Time Travel: Trial On Toy Car

When the group of 4 need more battery power, they decide to get Jessie’s car into their parking and connect it to the time device. Jessie who is there in the area to attend a party across the road is more than happy to park at David’s. They connect the car to the time travel device with a calculated risk that the car could explode. Yes, explode. But instead the time travel machine appears to begin working. Jessie joins the gang in the basement and watches their first test object – a toy car with a camera being sent back in time. This blows the fuse to the whole neighborhood. The toy car is found fused with the wall, when they play back the camera on the car they see the events of two hours prior recorded on it. Looks like the time travel caused the camera to sit there and record two hours before they sent it back in time. Since it was way up on the wall, they didn’t notice it. Fair enough. This part makes sense. This proves to them that time travel works.

Time Travel : Self Trials

Then, Jessie, who knows squat about time travel or advanced science in general, suggests that the next obvious move is to test it on themselves.
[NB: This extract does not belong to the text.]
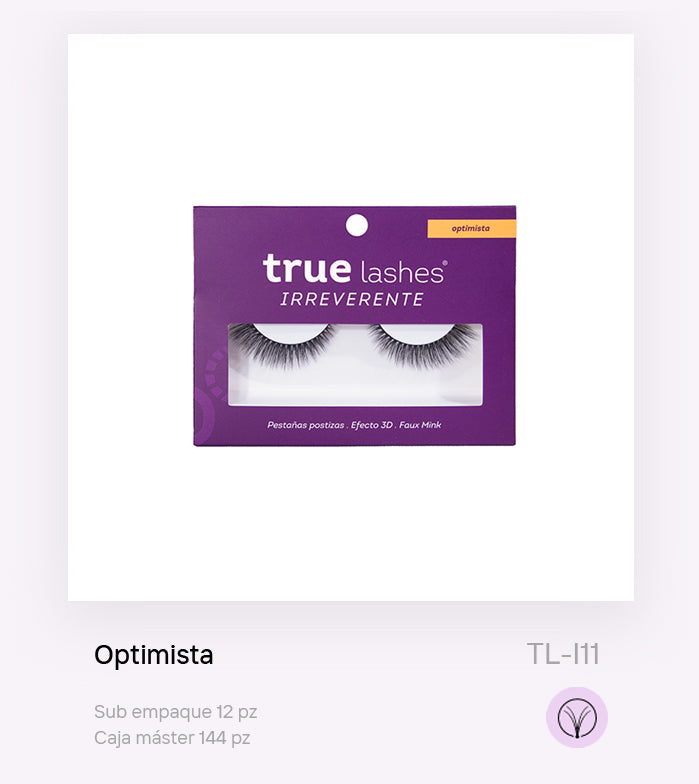 Colección Irreverente - Pestañas | True Lashes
Girl, that car went back in time and fused itself with a wall. Do you understand how pretty you would continue to look if one half of you was fused with a bathtub? But that doesn’t seem to affect our 5 friends. They try it on themselves. They go back 24hrs. Being the morons that they are, the first thing they do is go to Quinn’s house, find the sleeping Quinn from that timeline and draw a smiley on the sleeping Quinn’s neck. They have a blast doing this. Seriously? These guys can invent the time machine and the very first thing they do is endanger their existence? As one would expect the sleeping Quinn wakes up and starts spazzing along with the time traveller Quinn and flickers out of existence. The group breaks the Quinn’s eye contact and leave. They are happy that they are now in yesterday. Before they can head back a dog joins them back to their original timeline. When they get back, they see posters of “Missing Dog” because it jumped a whole day with them and went missing for a 24hr period. No consequence of this though. It is shown to express the butterfly effect on messing with the past.

They next come up with time travel rules. The obvious rule you’d expect is – don’t screw around with the past. But nope, the first rule they agree upon is to never travel in time alone. Yeah they decide that all 5 of them will always go back in time together to screw around with the past. Always using the camera is another rule. By now the viewers’ eyes are crying for mercy, this rule tells your cornea to shut it with the complaining. A few more idiotic, irrelevant rules later they start making changes to their past.

First off, they help themselves win a lottery. They note a winning number and go back in time to buy the ticket. They goof up with the number and win a million plus instead of 300 million. Christina gets her revenge on one of the girls who throws soda on her. What is clearly established so far is – when they travel back in time there are two instances of them. One from the original timeline and the other the time traveller. This makes sense. But when they go back in time to that same point in time a second time, they replace their previous time traveller self.

Project Almanac: Plot Hole 1: Revisits to the past

Repeating time travel to the same time magically removes and replaces the past time travels and their effects. So we’re just going to have to assume that in this type of time travel, the earlier time travel simply gets replaced by the later time travel. This explains how they can keep returning to the Chemistry test, to help Quinn pass, without running into their prior attempts.

lollapalooza gang

The gang then travel back 3 months to the Lollapalooza festival that they missed out on. David gets backstage used passes off ebay before travelling back in time. The gang has a blast. David has a moment with Jessie but blows it by not kissing her. For the sake of bedding a hottie, he breaks the one stupid rule of traveling back in time without the group. He goes back to Lollapalooza and this time around kisses Jessie. Here too his second trip back in time replaces himself from the first trip back in time.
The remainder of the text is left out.